TASK INSTRUCTIONS - Restate word for word the entries below, starting at the line with "Beispielbild fr Victorian" and ending at the line with "Toyota Hilux Hilux". Keep both end lines and omit the pictures.

AVAILABLE DATA -
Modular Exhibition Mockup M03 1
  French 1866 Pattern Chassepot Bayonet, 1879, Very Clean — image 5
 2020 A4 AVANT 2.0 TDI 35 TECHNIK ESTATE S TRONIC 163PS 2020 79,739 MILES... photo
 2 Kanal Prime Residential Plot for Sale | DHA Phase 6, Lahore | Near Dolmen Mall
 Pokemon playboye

---

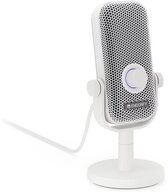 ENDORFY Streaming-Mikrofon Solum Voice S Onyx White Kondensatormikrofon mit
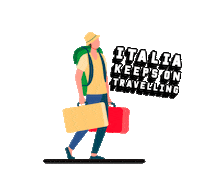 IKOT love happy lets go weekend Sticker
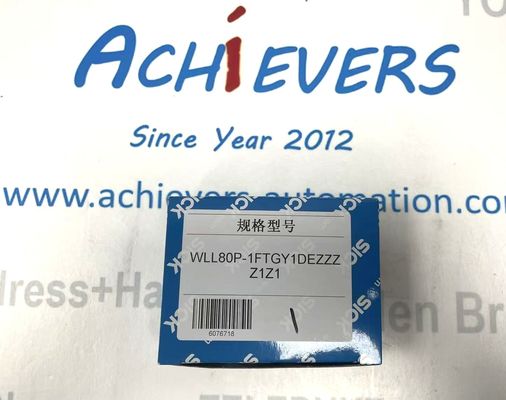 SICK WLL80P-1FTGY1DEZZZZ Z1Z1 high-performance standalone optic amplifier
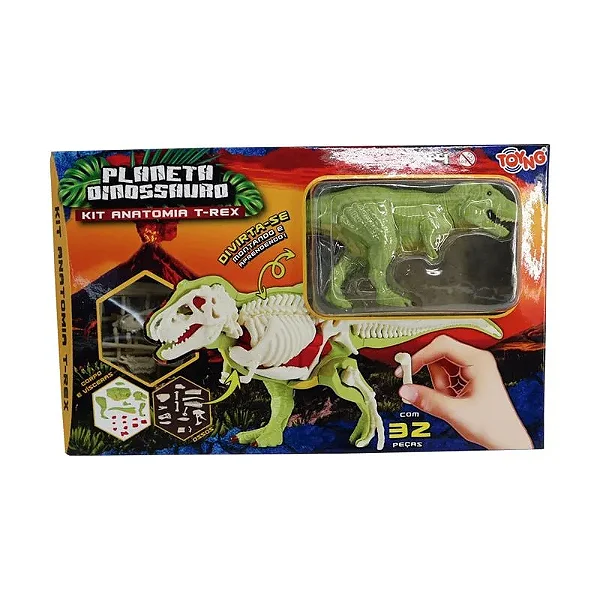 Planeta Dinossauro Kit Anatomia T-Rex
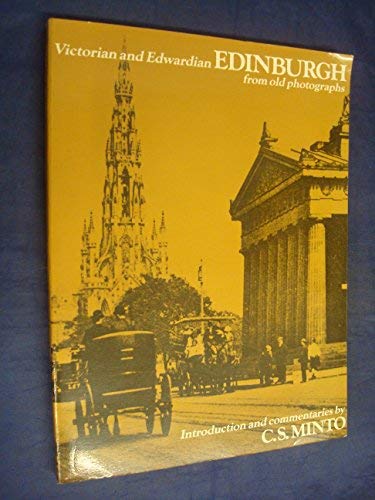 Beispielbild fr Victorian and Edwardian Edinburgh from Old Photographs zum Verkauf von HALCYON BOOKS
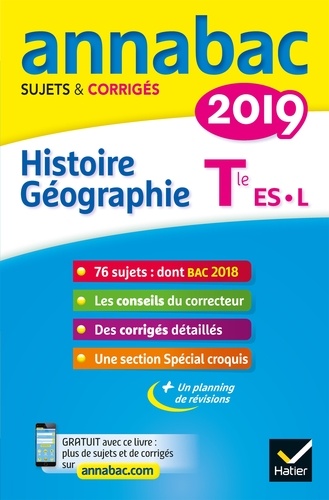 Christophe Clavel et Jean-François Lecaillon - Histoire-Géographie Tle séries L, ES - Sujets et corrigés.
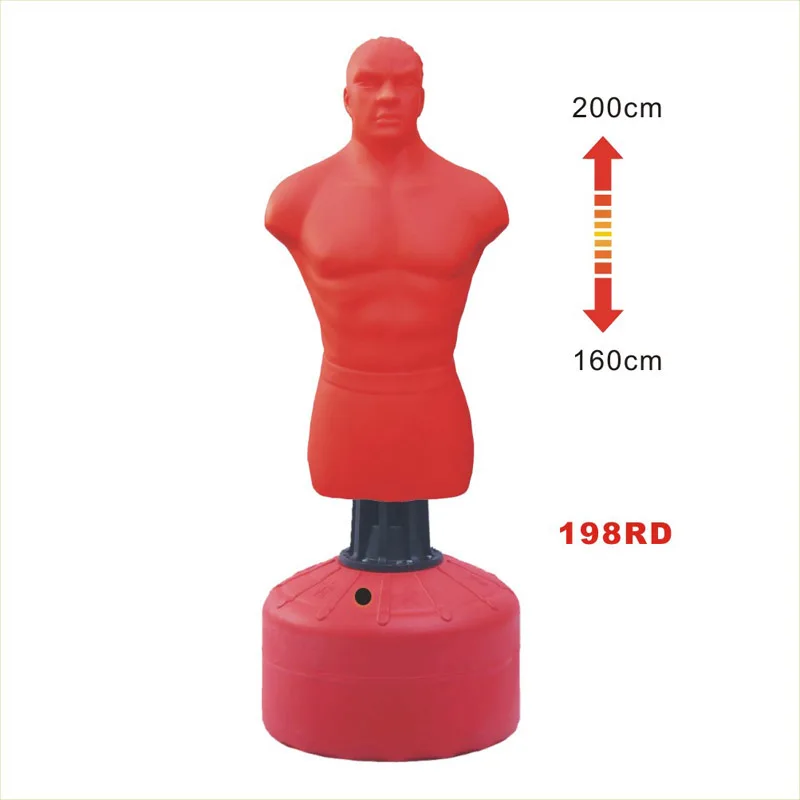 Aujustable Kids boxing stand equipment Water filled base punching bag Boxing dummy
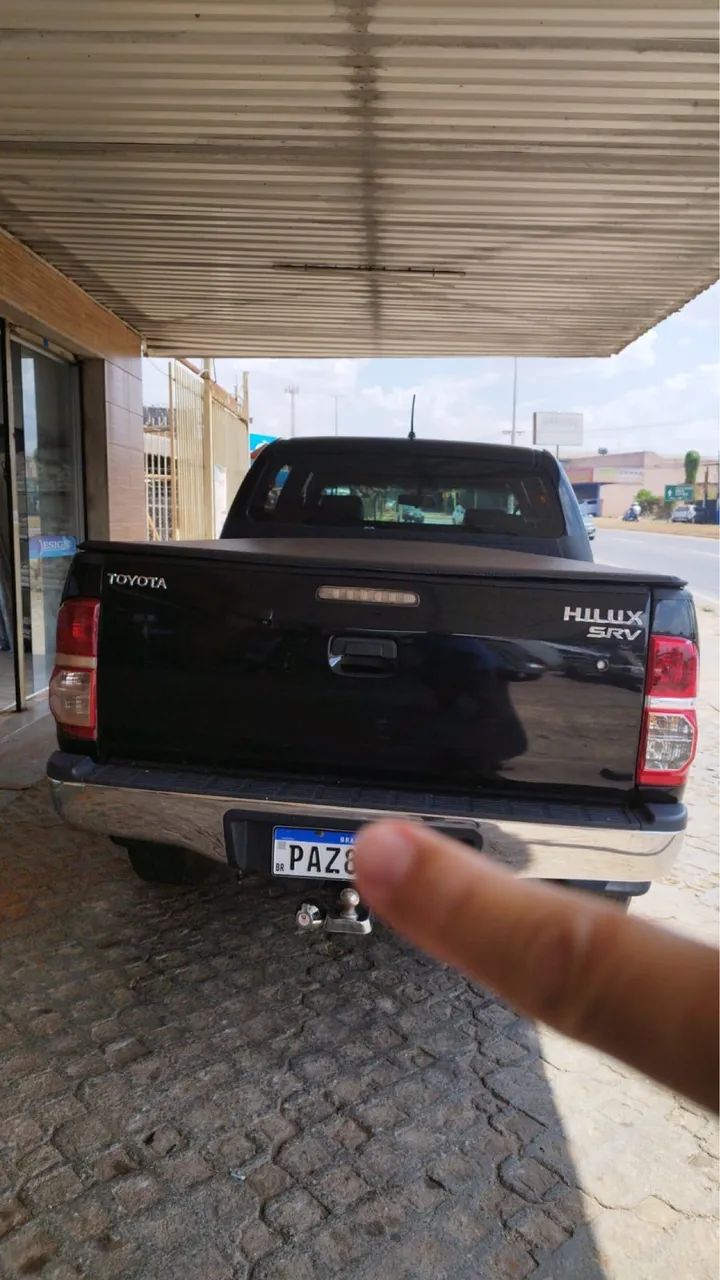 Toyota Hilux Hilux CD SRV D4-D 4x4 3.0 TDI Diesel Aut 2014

SOLUTION FOR THIS TASK -
 Beispielbild fr Victorian and Edwardian Edinburgh from Old Photographs zum Verkauf von HALCYON BOOKS
 Christophe Clavel et Jean-François Lecaillon - Histoire-Géographie Tle séries L, ES - Sujets et corrigés.
 Aujustable Kids boxing stand equipment Water filled base punching bag Boxing dummy
 Toyota Hilux Hilux CD SRV D4-D 4x4 3.0 TDI Diesel Aut 2014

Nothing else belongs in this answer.